Worship is another area of strength. Though there might be pockets of unrest, from my experience, I see a love for Reformed worship, centered on the reading and preaching of the Word, singing the Word, praying the Word, seeing the Word in the sacraments. The church exists to worship, and our churches have a love for corporate worship as a whole. This is encouraging. The means of grace ministry is the way God builds his church.

Q. What do you see as the greatest dangers to the church today?

A. I see a great danger in the way that the church interacts with the culture around her. What it means to be in the world but not of the world is beginning to get more and more blurred. The secular North American culture is having a greater and greater impact on the church and how the church operates.

A second great danger is a growing frown upon theology. The things in the past which were the greatest opportunities to grow in this area are not as common as they once were. We can see this in evening worship attendance, less reading, especially by office bearers, less of a desire for lectures and teaching, less of an emphasis on the catechism. As someone with experience in the US and Canada I see the same dangers in churches in both countries.

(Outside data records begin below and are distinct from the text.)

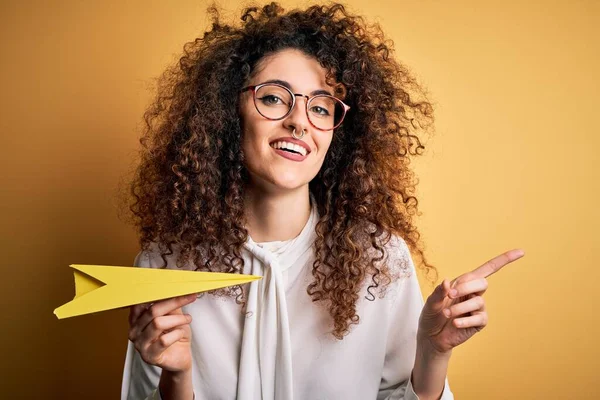 Hermosa Mujer Con Pelo Rizado Piercing Sosteniendo Papel Plano Sobre — Foto de Stock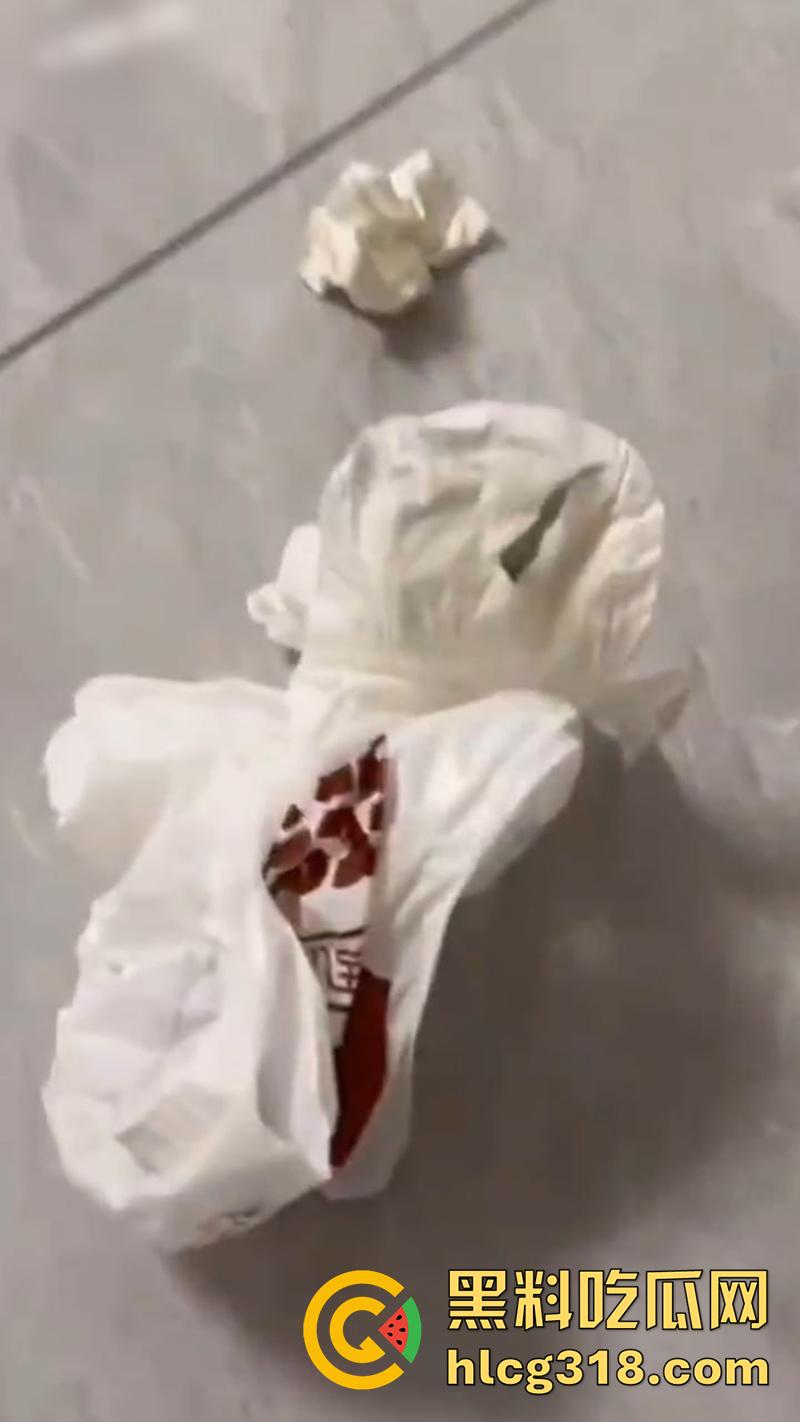 河北邯郸大杨庄最猛渣男，出轨带小三回家，妻子竟隐忍一年，结果越玩越过分，被捉奸画面流出！-7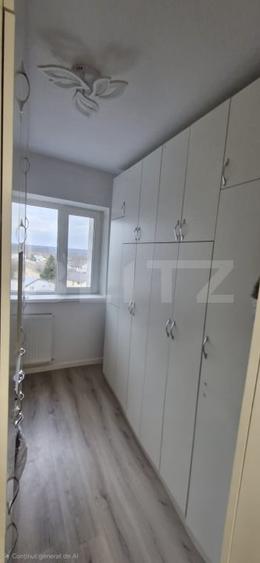 Apartament 3 camere, complet renovat, călduros – Găești - 7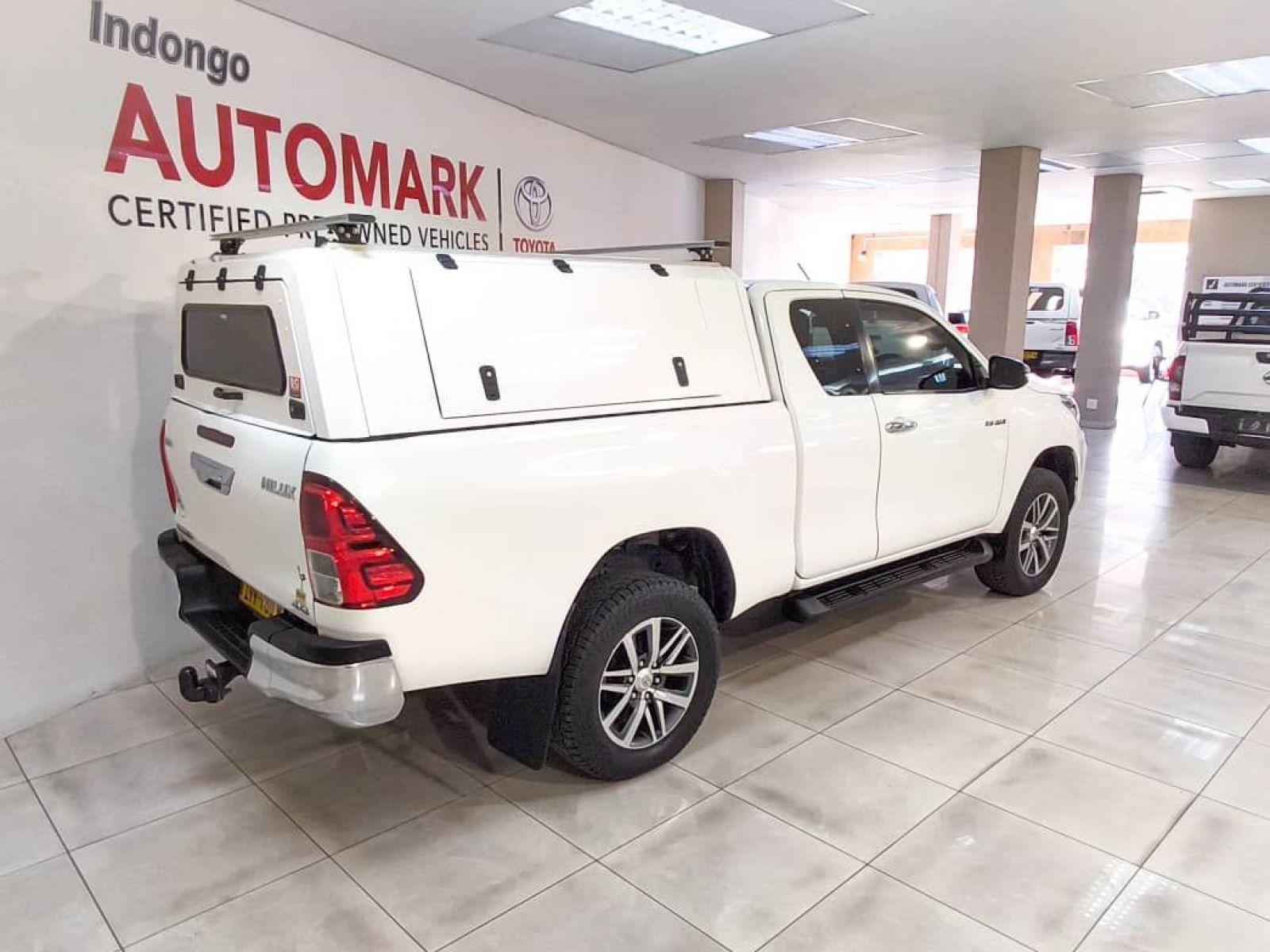 2019 Toyota Hilux photo 2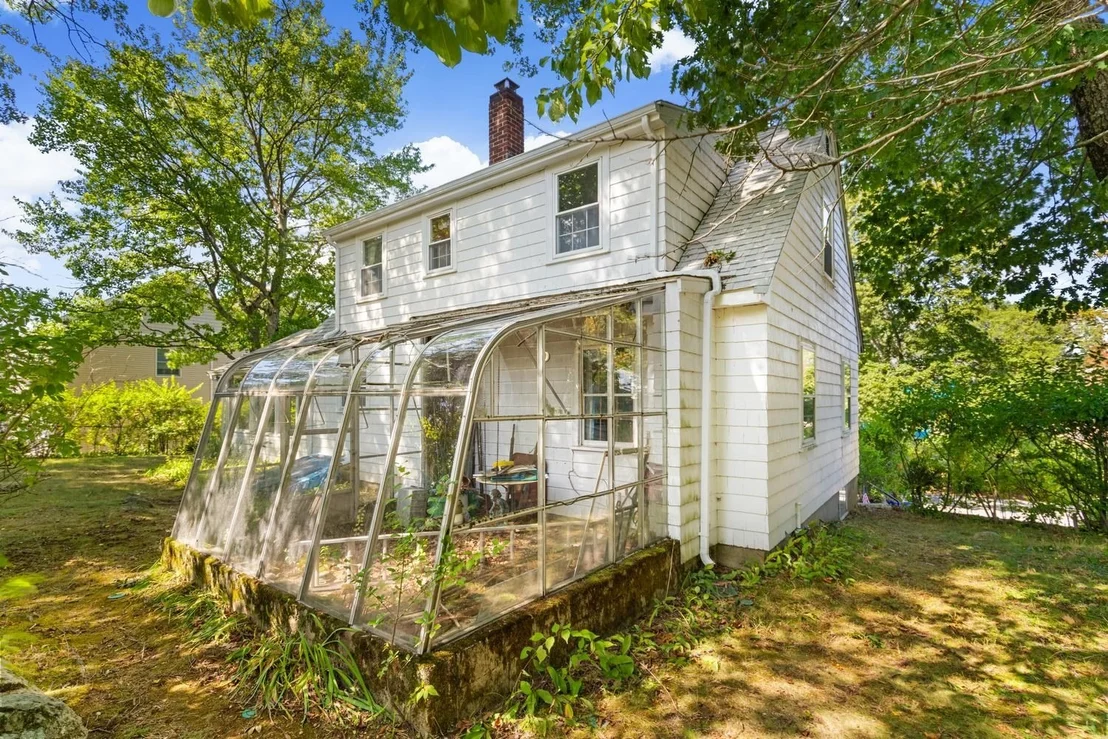 Photo of 40 Valentine Rd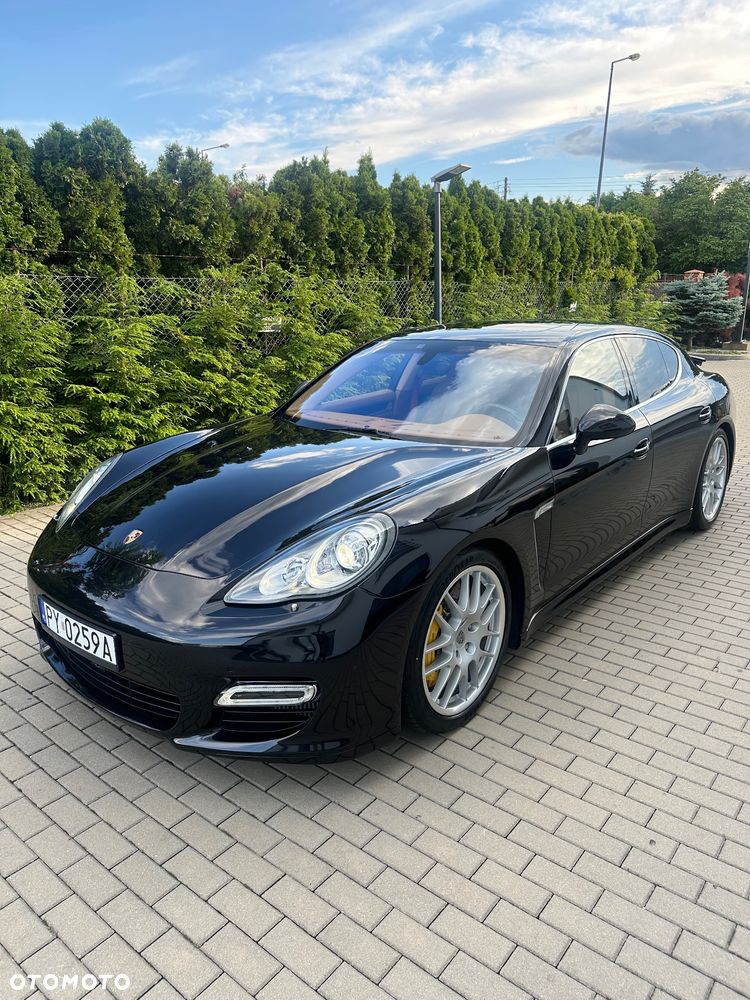 Porsche Panamera Turbo - 1
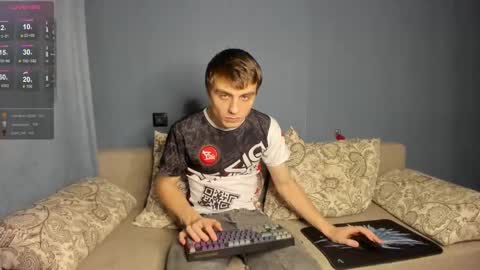 Snapshot of anna_jason chatting on February 13, 2025, 4:50 pm Fansly Jason sweet ass online show from February 13, 2025, 4:50 pm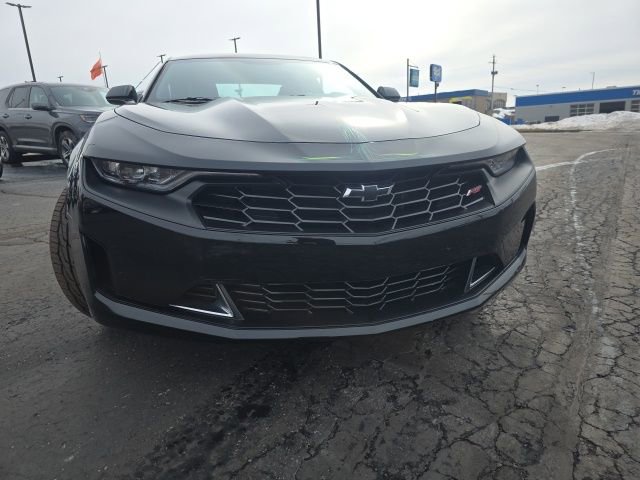 Used 2020 Chevrolet Camaro LT w/ RS Package image 10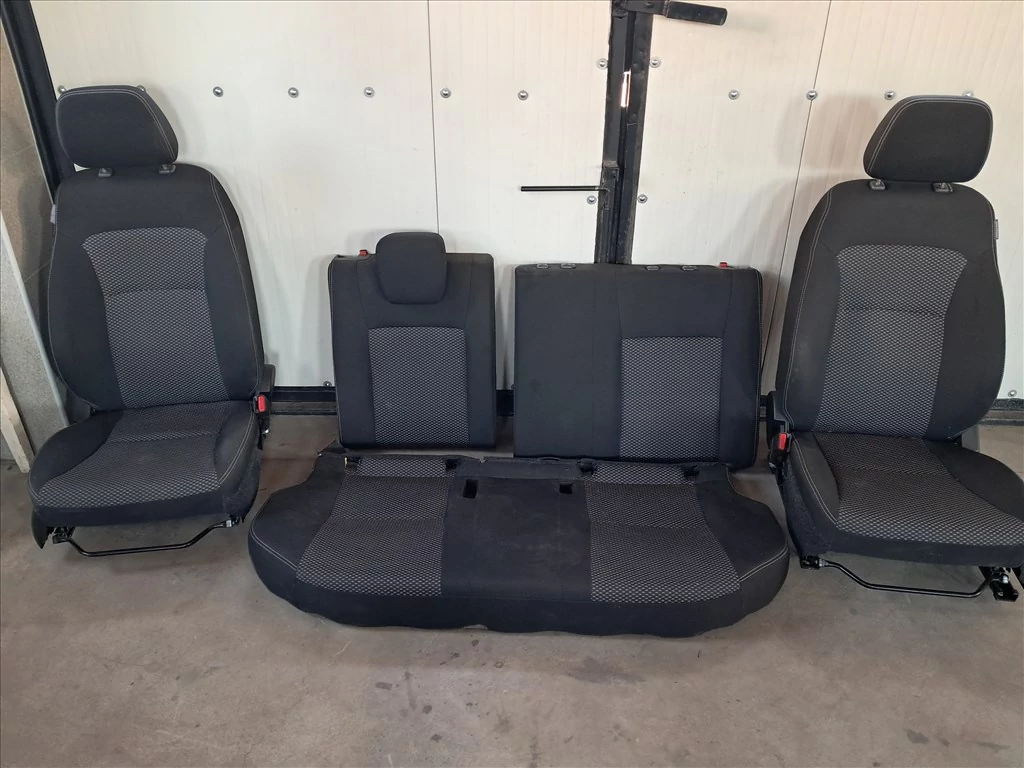 SUZUKI VITARA (LY) ülés szett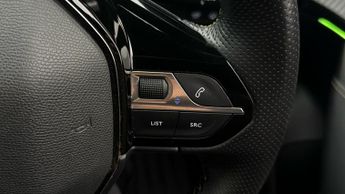 Peugeot E-2008 GT PREMIUM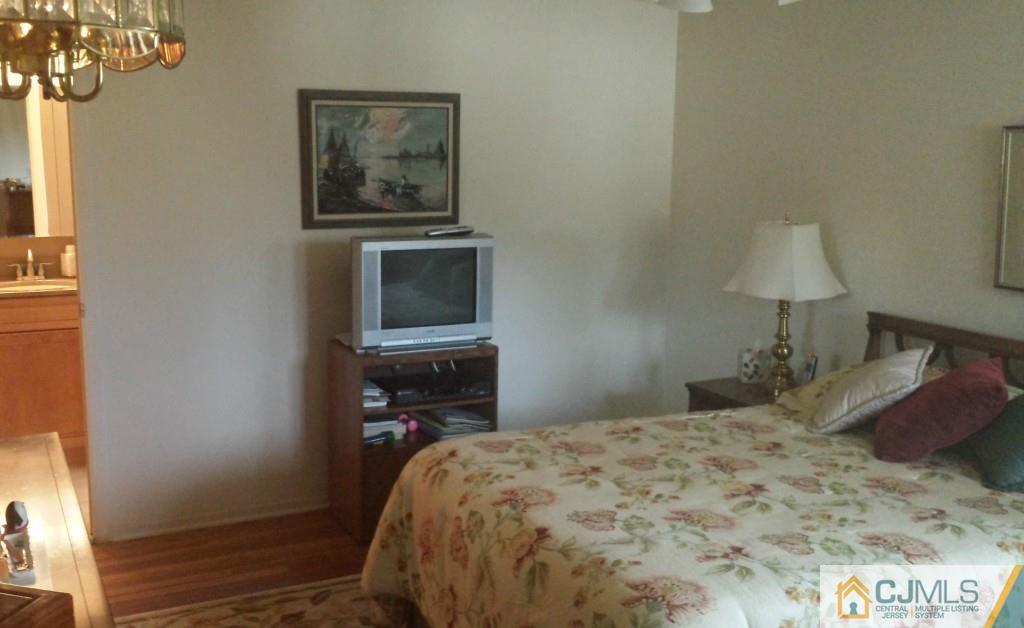 75 Canterbury Road East Brunswick, NJ 08816 - Photo 10 of 19 Gallery Image 10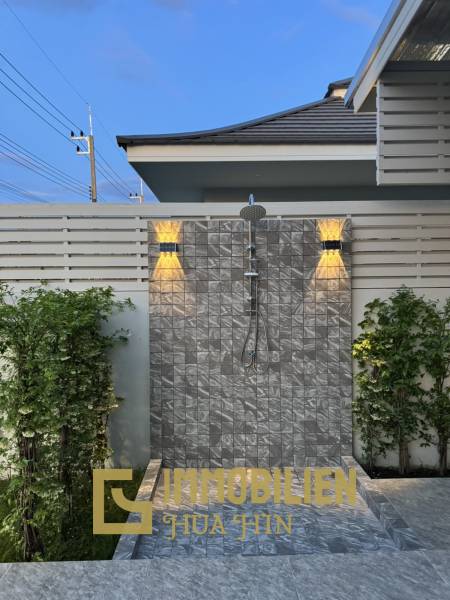 Сдается в аренду / Рядом с городом / 3 спальни + 2 ванные комнаты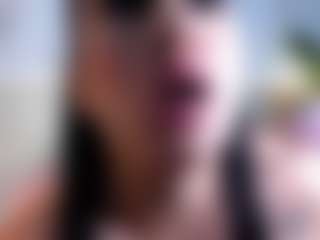 Julieta-Blue's Live Sex Cam Show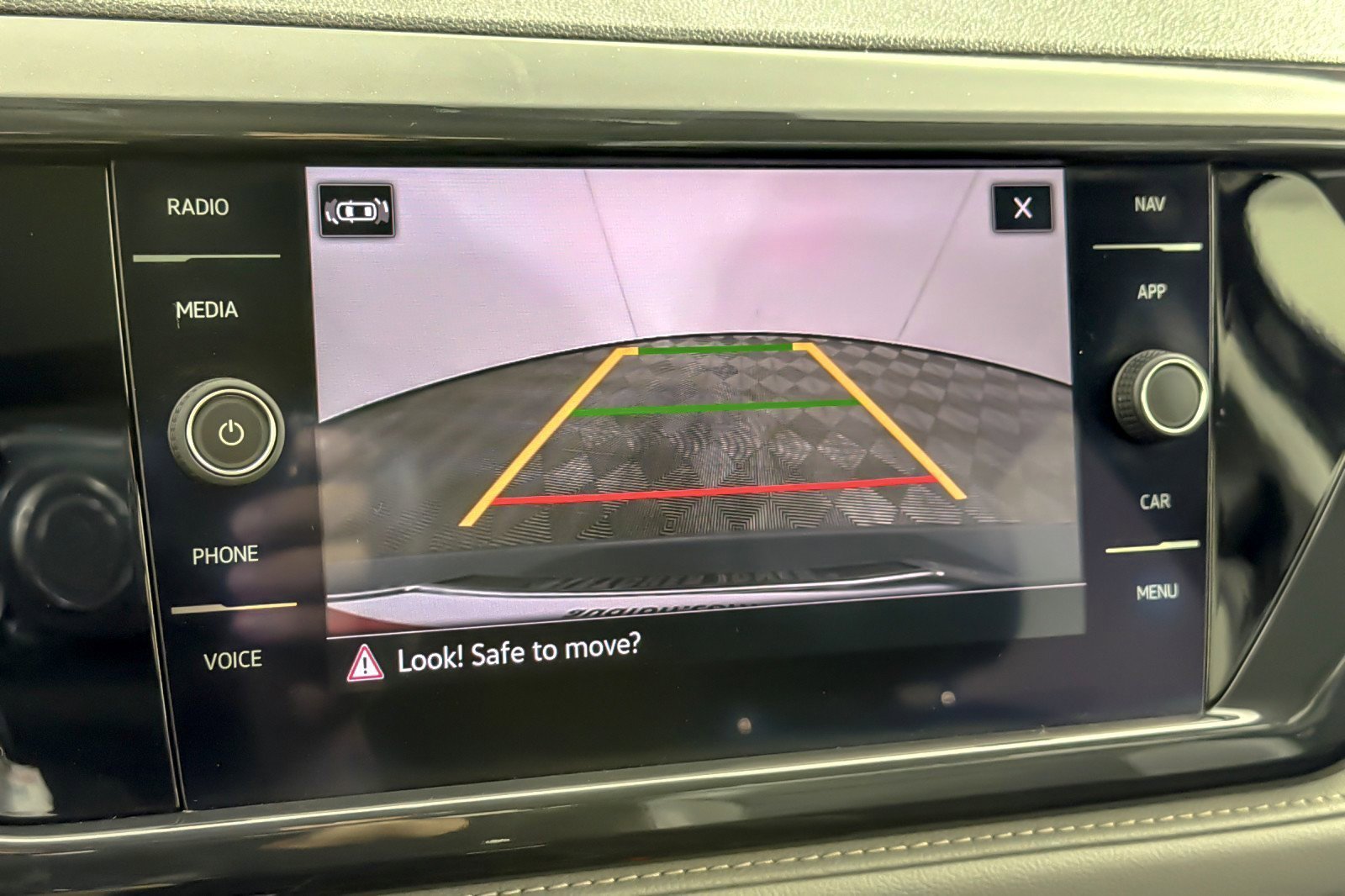 Used 2022 Volkswagen Taos SEL w/ Panoramic Sunroof Package image 19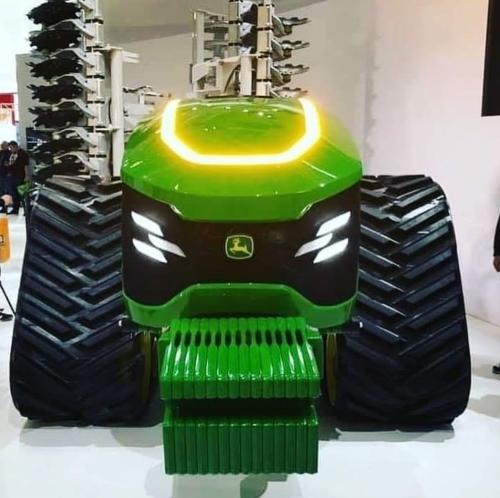 John Deere autonomous Tractor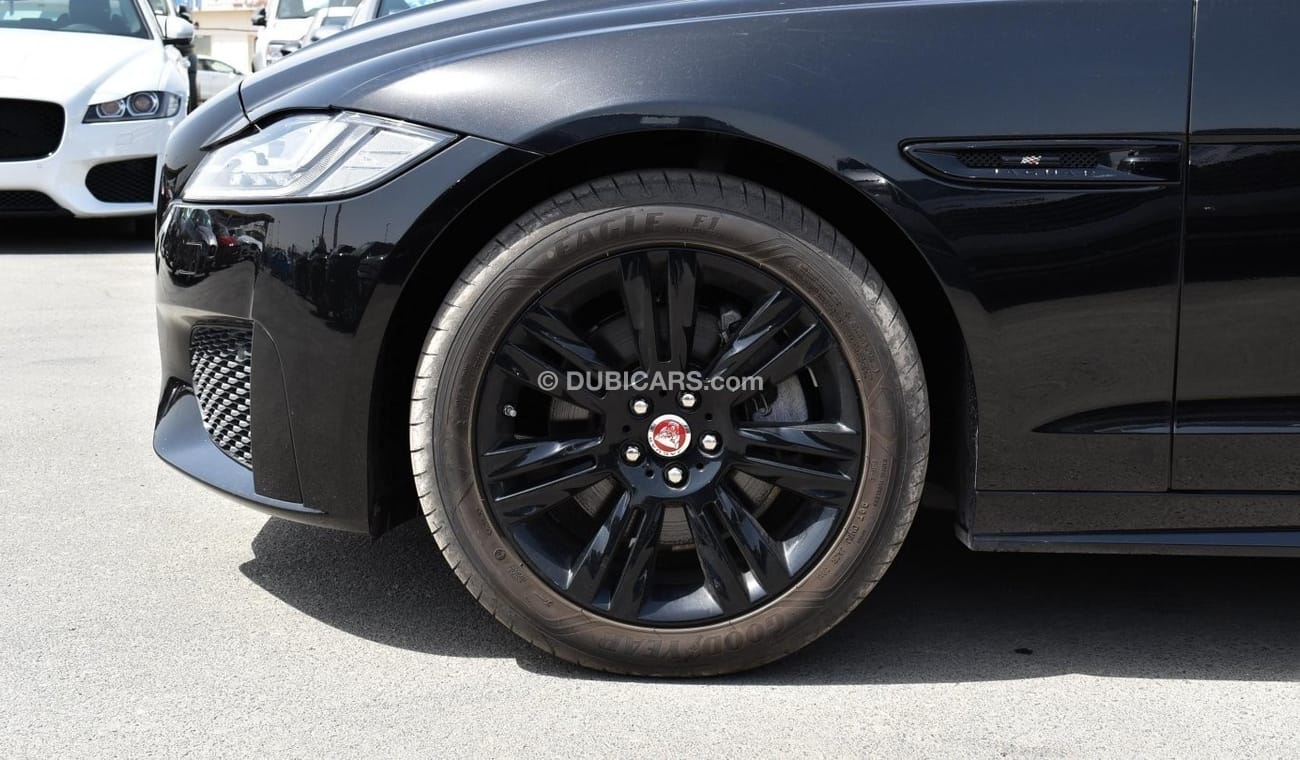Jaguar XF 2.0P Chequered Flag Aut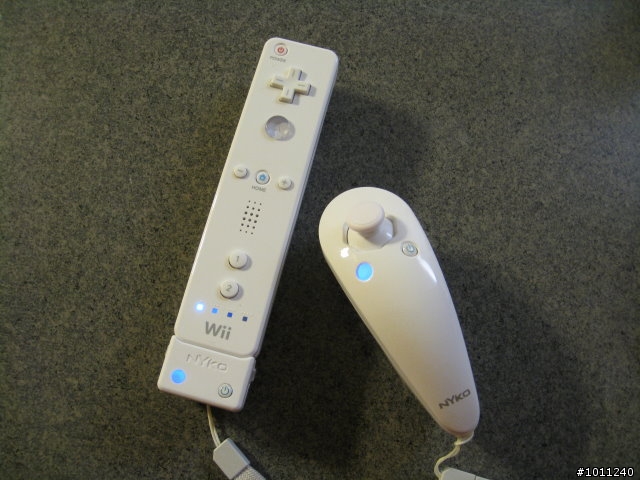 [開箱] NYKO Wireless Nunchuk Controller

Q. You have written on and off for a number of years for The Outlook and more now in the last two years. Why do you like to write?

A. Writing is a way for me to think. It permits me to express myself. It also permits me to adapt something I have written or spoken for one context and apply it to another context.

I like writing for The Outlook partly because I think that periodicals like this are extremely important in the life of the church. A believer who stops reading will lose a tremendous opportunity for growth. A magazine like The Outlook, with its devotional and biblical emphasis, is a gold mine.

Q. Tell us about your family.

A. I am married to my wife, Rachel, now for twelve years. We have four wonderful children, Madeline (nine), Calvin (eight), Benjamin (five), and Hannah (three). We enjoy playing games, going for hikes, camping, reading, and playing sports. My wife is also from Chicagoland, and now that we live in Ontario, we are much closer to head down to see our family.